OEMs probably love news like this, whether or not the sudden influx of RMAs and repair requests flood their channels. It is, after all, an opportunity to warn consumers about the dangers of buying alternative and often more affordable third-party accessories. The latest Nintendo Switch firmware 5.0 update brought a lot of goodies to all Switch owners, but a subset of such users are instead finding themselves in living hell. These users have mostly lost their saved games and have to bring in their Switch for repairs or replacement after third-party docks not only stopped working but also bricked their handheld consoles.

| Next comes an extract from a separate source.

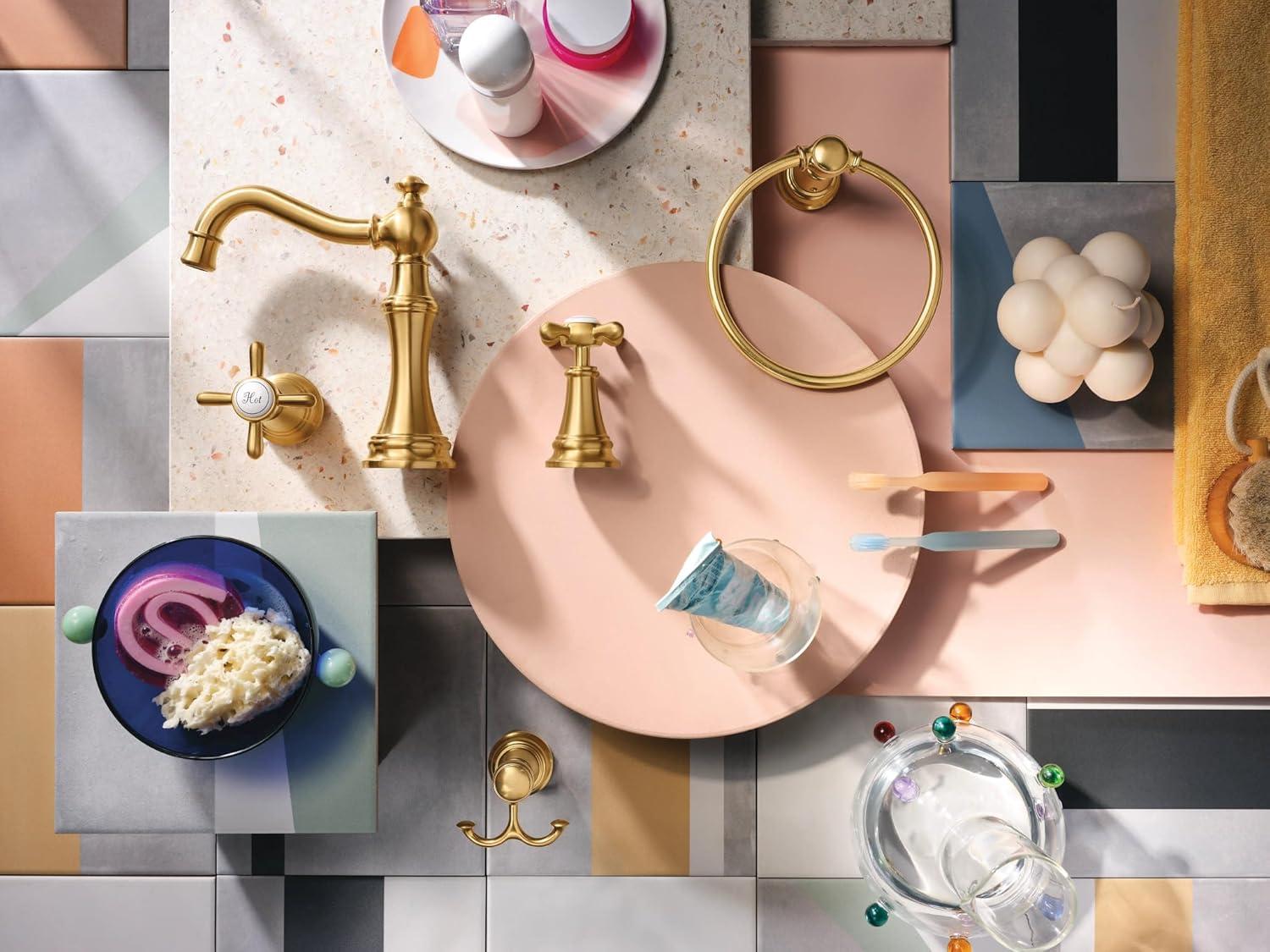 image:imageMoen Weymouth Brushed Gold TwoHandle Widespread Cross Handle Bathroom Faucet Trim Kit Valve Required TS42114BGBrushed Gold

There will always be a market for third-party accessories, especially when first-party accessories are priced too high for buyers’ tastes. Not all accessory makers, however, exert the same amount of time and effort to ensure the quality of their products and the safety of their customers. But while the likes of Nyko have a positive reputation, that doesn’t mean Nintendo wholeheartedly approves of their business.
The Japanese gaming giant may have, inadvertently or otherwise, stumbled upon a way to make that clear. After the latest firmware update, some users have reported errors when docking their Switch consoles onto these third-party accessories. Errors, unfortunately, turned into bricked devices and, more tragically, irretrievably lost data.
Both Nintendo and Nyko, among other accessory makers, are aware of the reports and are investigating the matter. Nyko suspects that it may have something to do with a change in how the USB-C port behaves. That lone port is responsible for channeling both power and data and any misconfiguration along the way could lead to a practically useless piece of silicon and plastic.
While Nintendo will repair devices still covered by warranties, the data that was lost in the process can never be recovered. The company is also using the opportunity to advise consumers to only buy first-party accessories. Unfortunately, Nintendo isn’t so enthusiastic about expanding its dock’s capabilities or at least certifying third-party accessory makers.